- **Information supplied**
- Opening Delimiter -
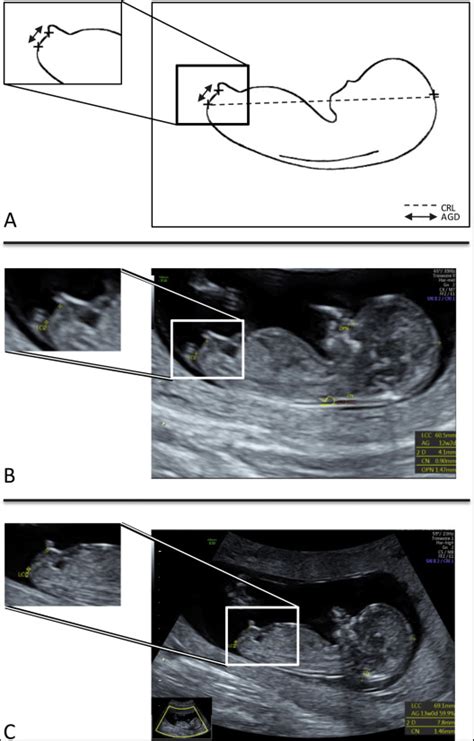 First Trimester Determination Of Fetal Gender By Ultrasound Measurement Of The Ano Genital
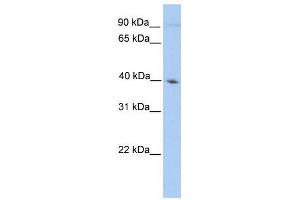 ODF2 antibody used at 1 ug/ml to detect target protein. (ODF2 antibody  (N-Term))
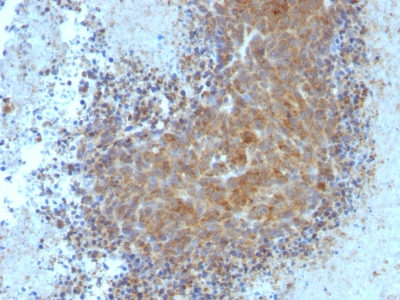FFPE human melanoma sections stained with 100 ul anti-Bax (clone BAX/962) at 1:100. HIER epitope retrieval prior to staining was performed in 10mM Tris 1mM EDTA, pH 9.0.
- Closing Delimiter -
- **Activity**
Please repeat the listing above word for word, with the pictures removed.

- **Solution to this task**
 First Trimester Determination Of Fetal Gender By Ultrasound Measurement Of The Ano Genital
 ODF2 antibody used at 1 ug/ml to detect target protein. (ODF2 antibody  (N-Term))
FFPE human melanoma sections stained with 100 ul anti-Bax (clone BAX/962) at 1:100. HIER epitope retrieval prior to staining was performed in 10mM Tris 1mM EDTA, pH 9.0.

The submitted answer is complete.